This has left supporters of Israel – many of whom also have difficulty understanding Israeli politics – unable to properly counter the hostile narrative. Has Israel been handed to the extremists?


I wrote this piece to counter the heavily biased, misplaced, and toxic narrative we have seen since the Israeli election results came in. And specifically to answer those who have said that it has anything to do with ‘our worst fears‘.

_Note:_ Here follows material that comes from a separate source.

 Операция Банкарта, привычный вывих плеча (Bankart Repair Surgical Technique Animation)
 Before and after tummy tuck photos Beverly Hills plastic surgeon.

Trust me on this – an all-out war with Iran, a massive attack from Hezbollah, or another Hamas-led suicide bombing campaign – all hold far more to fear than the 10.83% of the vote that a religious Zionist union received in a recent democratic election. But then again, maybe the fears of Israelis (who would have to pay the price of these attacks) and the fears of Jews living in the comfort of North London or New York (who would look on safely from afar) – are just not in alignment.

First my credentials

Five months ago I published a piece on the Israeli election that predicted:

  • Gideon Sa’ar would likely unite his gang with another party – he did
  • Meretz faced political oblivion – they were wiped out
  • The issue of thresholds in the election would be extremely important – sure was
  • Bennett’s party was finished – gone
  • Biden would hand Lapid political presents before the election – the Lebanon Maritime deal anyone?
  • Lapid’s party growth would come at the expense of his ‘friends’ – 100%
  • The media’s anti-Bibi spin would mislead observers about his chances – no doubt
  • The left would lose badly if they ran with a ‘just not Bibi’ campaign again – hey presto

What this is and what this is not

I am not here to take sides. Coalition politics is messy. I don’t remember a single Israeli government, of which one or more members were not viewed as ‘extreme’ by many. That is how coalition politics works. With the mainstream groups regarding each other as competitors for office, allies towards the fringe must be courted.  It is an unfortunate but natural part of coalition politics. This has been exacerbated in recent times by the rise of an explicitly ‘anti-Bibi’ coalition. In essence the parties in the centre who are complaining about the make-up of the new government need to take a long hard look in the mirror. With whom can Netanyahu build a coalition if they all shun him?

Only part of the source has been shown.